New Mexico’s relationship with its neighbor to the south has been, to say the least, fruitful. Here’s a telling figure from the Albuquerque Journal:
The value of New Mexico exports to its southern neighbor grew 33 percent last year — from $464.5 million in 2011 to a record $617.6 million in 2012.
This growth is part of wave the state’s been riding since 2009. The total income of export sales from Mexico are up 61 percent over the past four years.
Furthermore, two ports of entry have recorded record numbers in commercial traffic over the past two years. Via, the Associated Press:
The New Mexico Border Authority announce this week that last year the Santa Teresa Port of Entry processed more than 81,000 commercial trucks — 13 percent higher than any year on record.
The Columbus Port of Entry has also seen a sharp increase in commercial traffic. In 2012, there was over all increase of 18 percent more traffic crossings than any prior year.
One of the most significant drivers of this growth is New Mexico’s focus on expanding business to the south. It’s a trend that’s popping up across the border, from San Diego to Tucson.

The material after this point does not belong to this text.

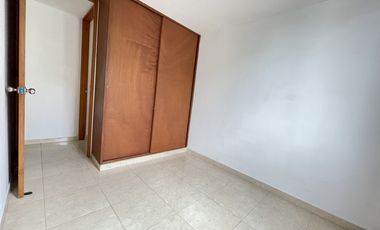 apartamento en arriendo en prados del este. Cod A5742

A crucial pillar of immigration reform is the border. As of now, the conversation hinges on security. But as border cities expand their relationships to the south, one theme is emerging — efficiency.
Border crossers are faced with long wait times stemming from problems with infrastructure and increased security. The maximization of business between the two countries is dependent on a more open border.
But finding the line between efficiency and security is a messy web leaders across the border are still seeking to untangle.